According to the World Bank’s latest announcement on Monday, Thailand’s economic growth is anticipated to reach 2.8% this year, with a predicted acceleration to 3.0% in 2025. These projections reflect the impact of weak exports and a delayed budget on the country’s economic performance.
The growth forecasts for 2024 and 2025 have been revised down from the earlier projections of 3.2% and 3.1%, respectively, as outlined in December. In 2023, Thailand’s economy expanded by 1.9%, but unexpectedly contracted by 0.6% in the final quarter compared to the third quarter of the same year.
The country’s central bank also adjusted its 2024 growth outlook in February, revising it to a range of 2.5% to 3.0% from the previous 3.2%. Factors contributing to this downgrade include the impact of slowing global trade and delayed government spending attributed to the delayed budget.
The World Bank highlighted dimmer prospects for exports and public investment as key drivers behind the revised growth outlook.
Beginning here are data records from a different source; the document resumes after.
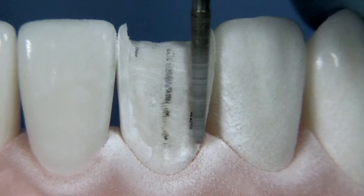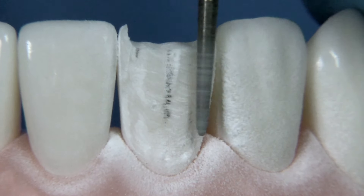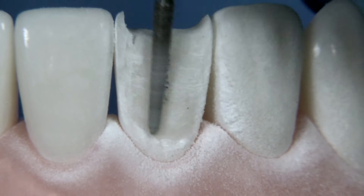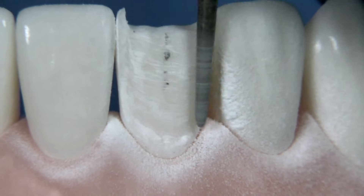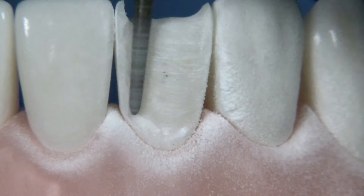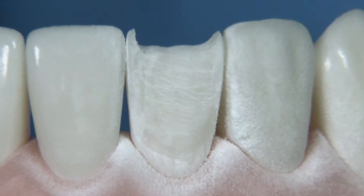Another approach is the plane reduction technique I've taught in many other videos, but whatever technique you want to use, just make sure you can measure what you've taken away versus what you started with and also where you're going. The whole idea of the stent is to show you how much tooth structure to remove based on where you want your final veneer to be located.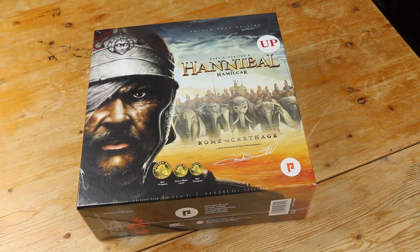Hello and welcome to another unboxing from Pushing Cardboard. Today we're having a look at Hannibal and Hamilcar from Phalanx Games. It used to be Hannibal Rome versus Carthage, but they've added the Hamilcar game into this.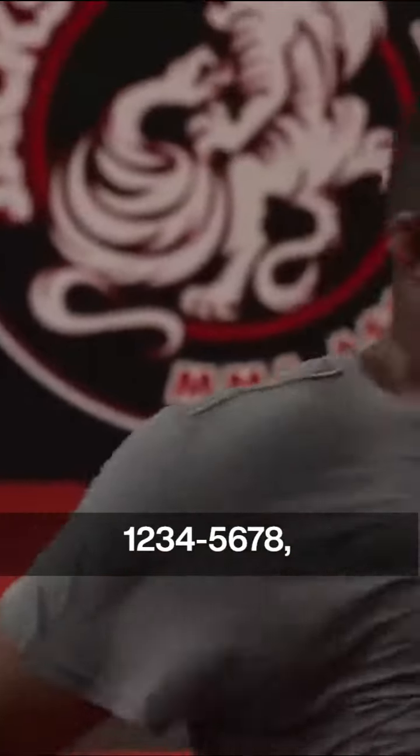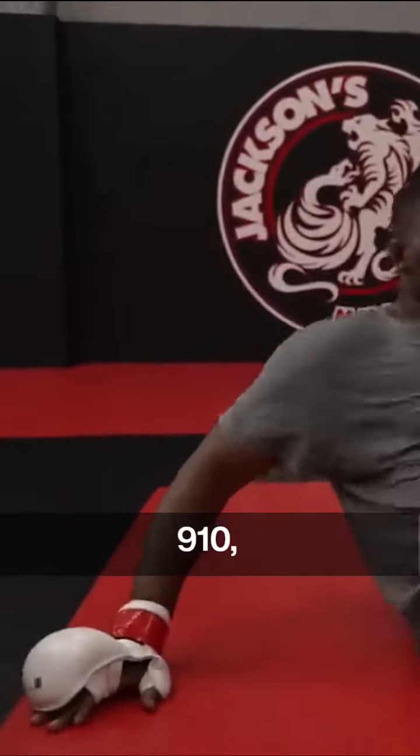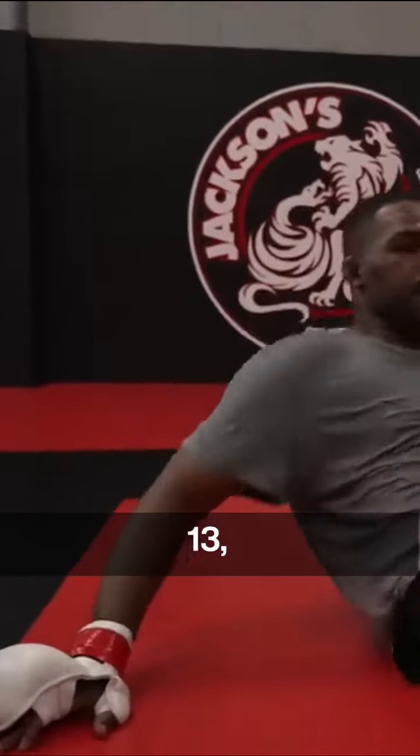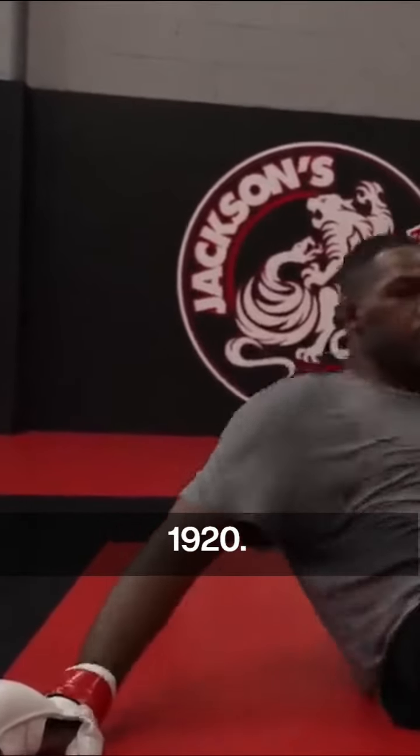Kick outs. Ready? Begin. 1, 2, 3, 4, 5, 6, 7, 8, 9, 10, 11, 12, 13, 14, 15, 16, 17, 18, 19, 20.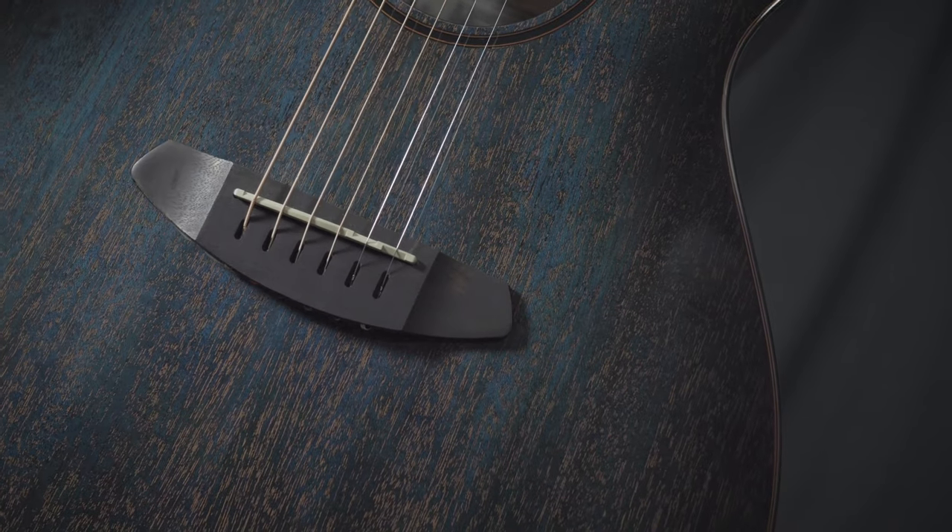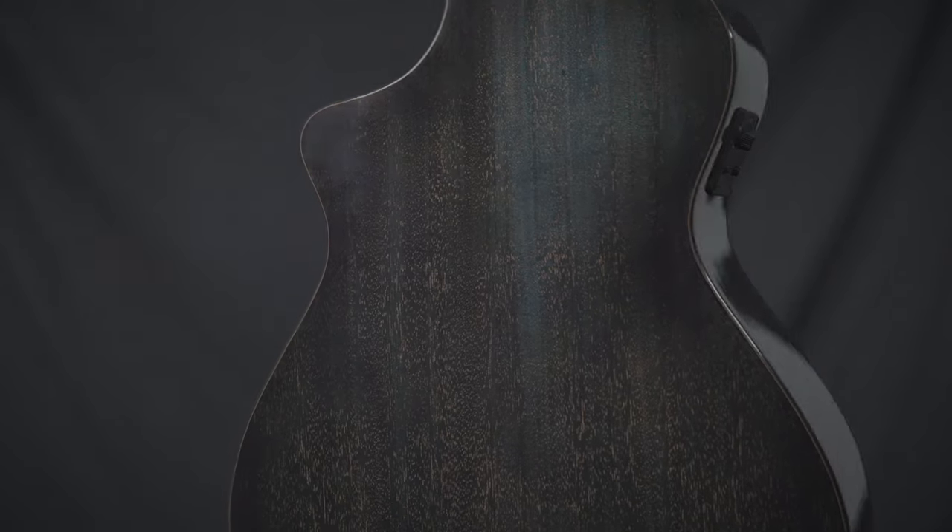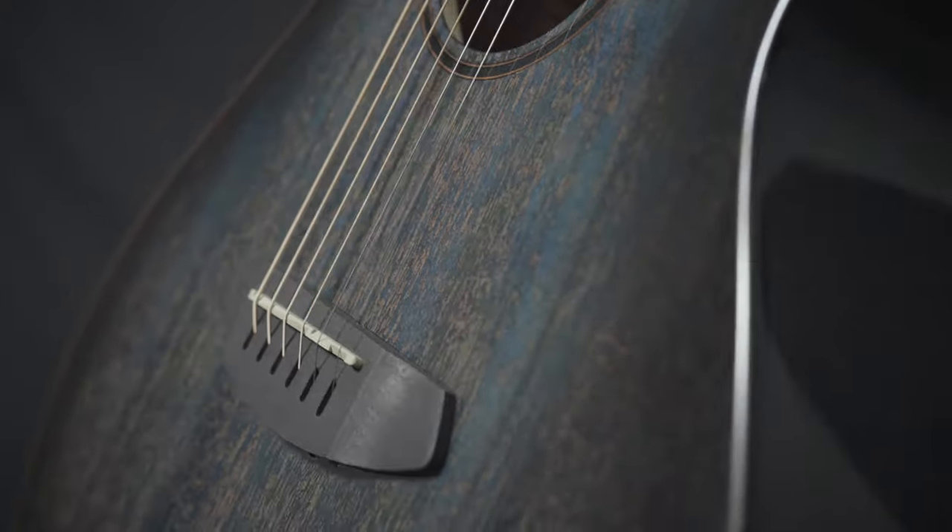This guitar is lovely. It's African Mahogany. They've done some really interesting things with different color fillers. This color is called Abyss. It's just gorgeous — really unique builds.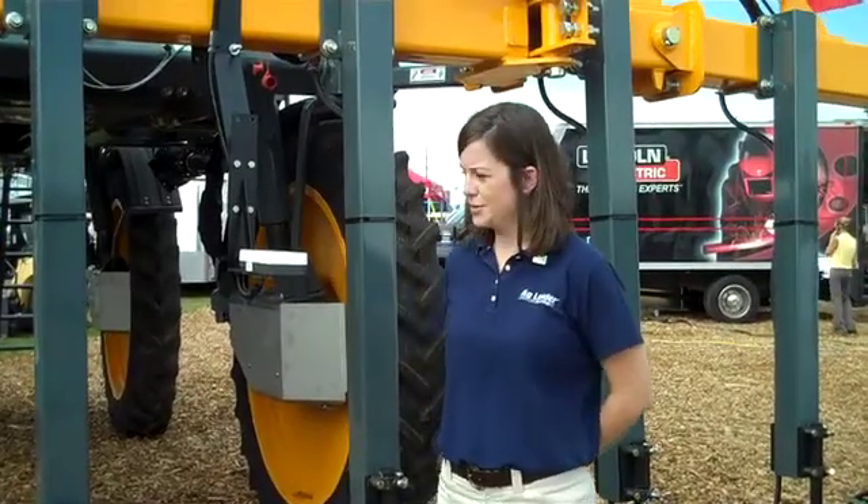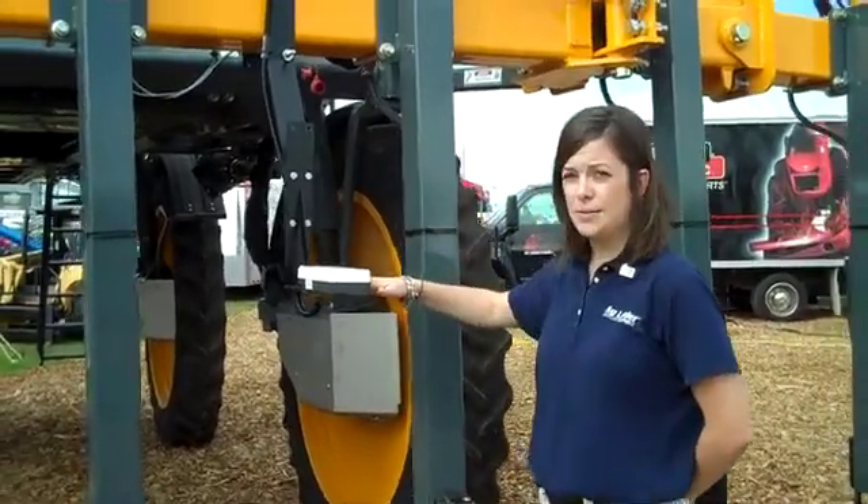My name is Jessica Reese. We're here at the Farm Progress Show and we're talking about Optrix crop sensors today. We just wanted to showcase our display and let you all know that if you come out to the Farm Progress Show, you can see how an Optrix crop sensor is mounted to a toolbar here.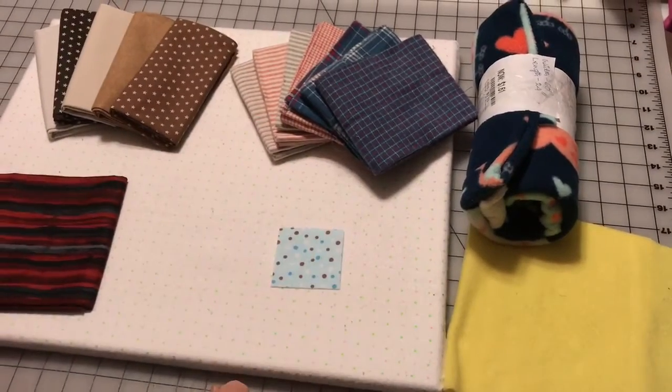And that is it for the fabric. One last thing — cotton fabric and flannel fabric can actually be sold at 108 inches wide, and they normally sell that for the backing of your quilt so that you're not having to buy so much yardage. Please subscribe, like, and make a comment. Thank you. Bye-bye.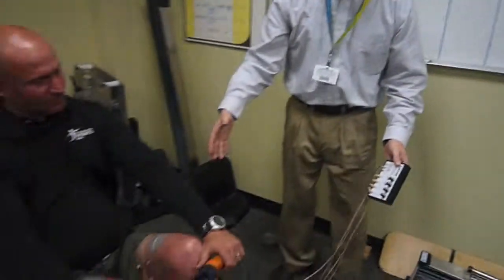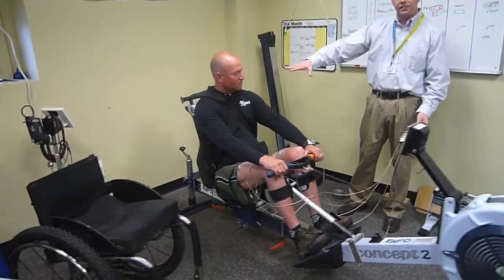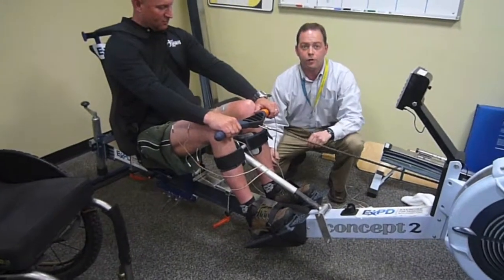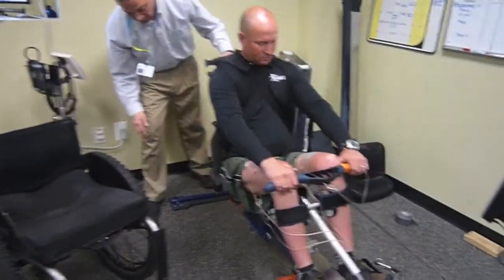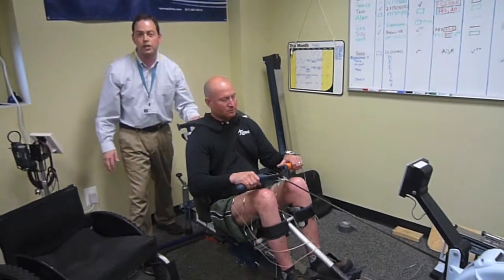This is the adapted rower. As you can see, he's in a high back seat. He's strapped in very well to keep him supported. He's got a leg support piece here to keep his legs from going side to side. And we have safety stops on the front and the back that help him from going in a range of motion that we don't want, and actually help him change direction too.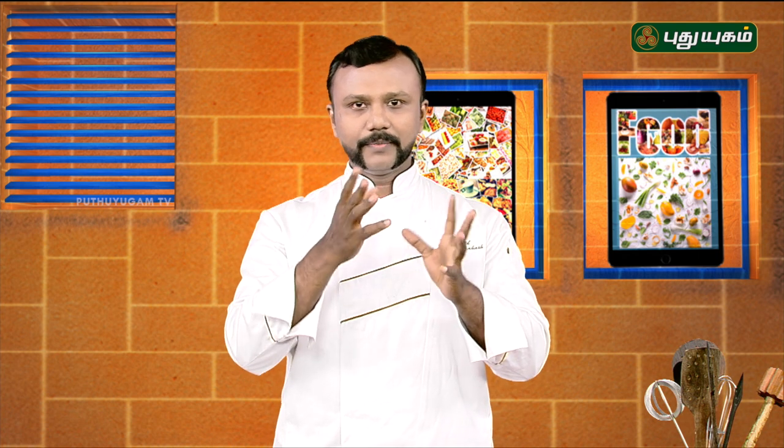Chilli chicken is rough. How rough is it? It is very good to fry it. If you fry this chicken, you have a masala.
Additionally, the Shipper’s Council expects export growth to range between 1% and 2% for the current year.
Tourism and private consumption are earmarked as crucial drivers of growth, with tourist arrivals projected to recover to 90% of pre-pandemic levels in 2024. In an ambitious target, the Thai government aims to attract a record 40 million foreign visitors this year, following the reception of 28 million visitors in 2023.
Prime Minister Srettha Thavisin has labeled the current economic situation as a “crisis” necessitating substantial fiscal stimulus.
The government’s delayed signature policy involves a $14 billion stimulus package distributed to 50 million Thai citizens through a ‘digital wallet’ scheme. This initiative is expected to potentially add 1% to economic growth but may lead to an increase in public debt, noted World Bank Senior Economist Kiatipong Ariyapruchya.